Hi Romain,
I made it in the past.
I remember that sometime jobs didn't start and I didn't find a reason for that.
Please give it a try and let me know if it's work for you.
StartMemory = 1024
PlusMemory = 4096
request_memory = ifthenelse(((LastHoldReasonCode != 34) || (MemoryProvisioned != $(PlusMemory)) || IsUndefined(MemoryProvisioned)),$(StartMemory),$(PlusMemory))
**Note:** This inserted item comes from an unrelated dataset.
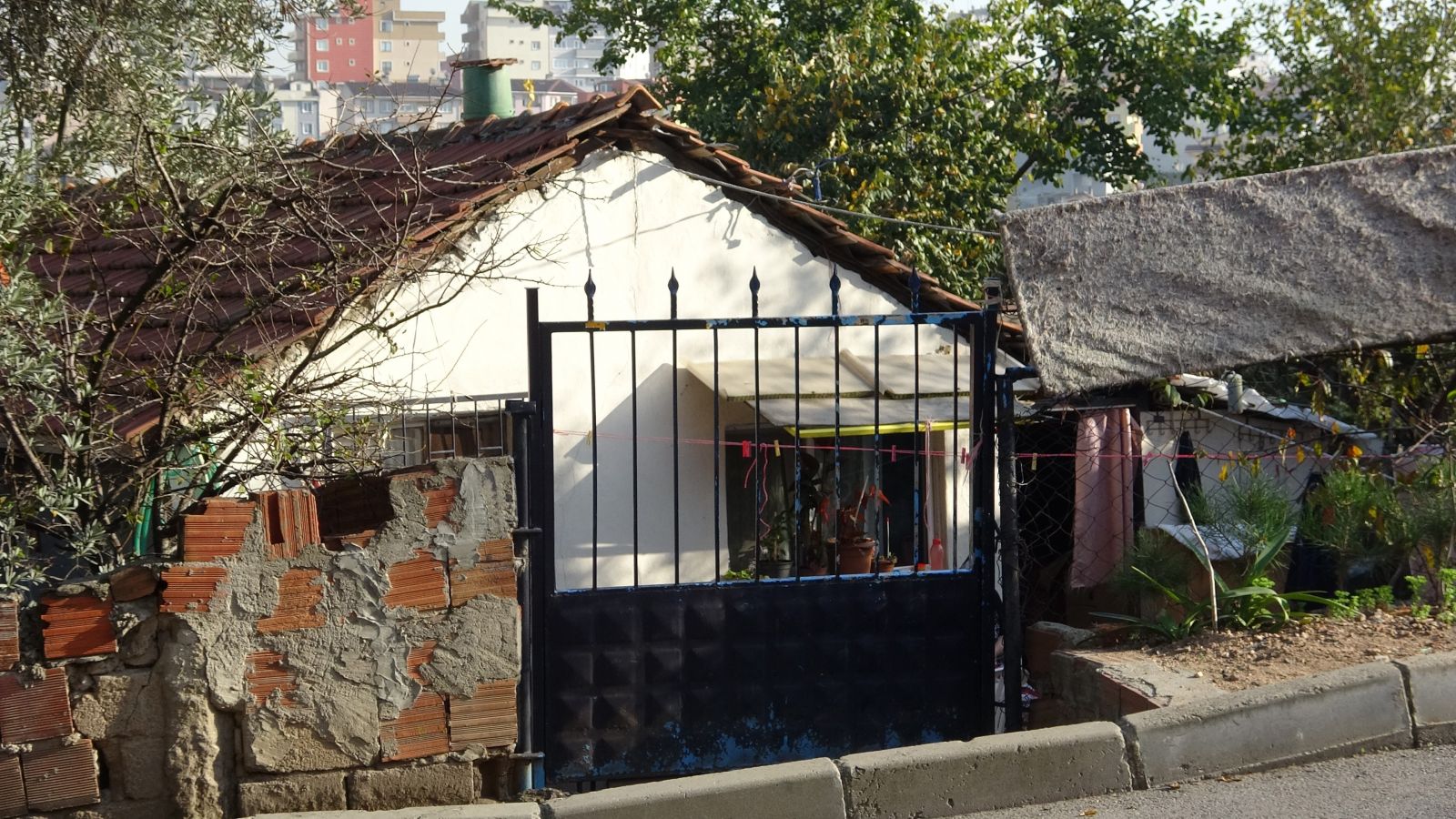 Vatandaşlara yardım eden hayırsever Tuzla'da ortaya çıktı Vatandaşlara yardım eden hayırsever Tuzla'da ortaya çıktı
periodic_release = (JobStatus ==5) && (HoldReasonCode == 34) && (MemoryProvisioned == StartMemory)
Thanks
David
From: HTCondor-users <htcondor-users-bounces@xxxxxxxxxxx> on behalf of romain.bouquet04@xxxxxxxxx <romain.bouquet04@xxxxxxxxx>
Sent: 03 March 2022 13:20
To: HTCondor-Users Mail List <htcondor-users@xxxxxxxxxxx>
Subject: Re: [HTCondor-users] HTCondor: Increase requested RAM memory if a job is retried
HI again Gianmauro,
Thanks I don't think for my jobs that run for a long time it would be a "solution" as I don't want a cron process to run in parallel.
But thanks a lot anyway for your answers! It is much appreciated to propose that solution.
Best,
Romain
I have a cron job that run the script every 5 minutes.
It works fine for us.
Gianmauro
On 3/3/22 11:01, romain.bouquet04@xxxxxxxxx wrote:
> Hi Gianmauro,
>
> Thanks for your answer but from what I understand you launch this script
> manually right ?
> What I would like is finding a way for condor to increase the memory
> itself as my jobs are retried automatically.
>
> Best,
> Romain
>
> Le mer. 2 mars 2022 à 20:12, <gmauro@xxxxxxxxxxxxxxxxxxxxxxxxxx
> <mailto:gmauro@xxxxxxxxxxxxxxxxxxxxxxxxxx>> a écrit :
>
> Hi Roman,
>
> I use this script for exactly the purpose you described
> It will relaunch the script with 3 times the memory requested until it
> reach a cap.
> Every relaunch is recorded in a log file.
>
> $ cat /usr/bin/htcondor-release-held-jobs
>
> #!/bin/bash
> CAP=524288 # 512GB
> MULTIPLIER=3
> LOG=/data/dnb01/maintenance/condor_rerun_held_jobs.log
>
> if [ ! -f "$LOG" ]; then
> touch "$LOG"
> echo "Created $LOG"
> fi
>
> for j in $(condor_q -hold -autoformat ClusterId HoldReasonCode| awk
> '(($2-34) == 0){print $1}'| paste -s -d ' ')
> do
> JOB_DESCRIPTION=$(condor_q "$j" -autoformat JobDescription)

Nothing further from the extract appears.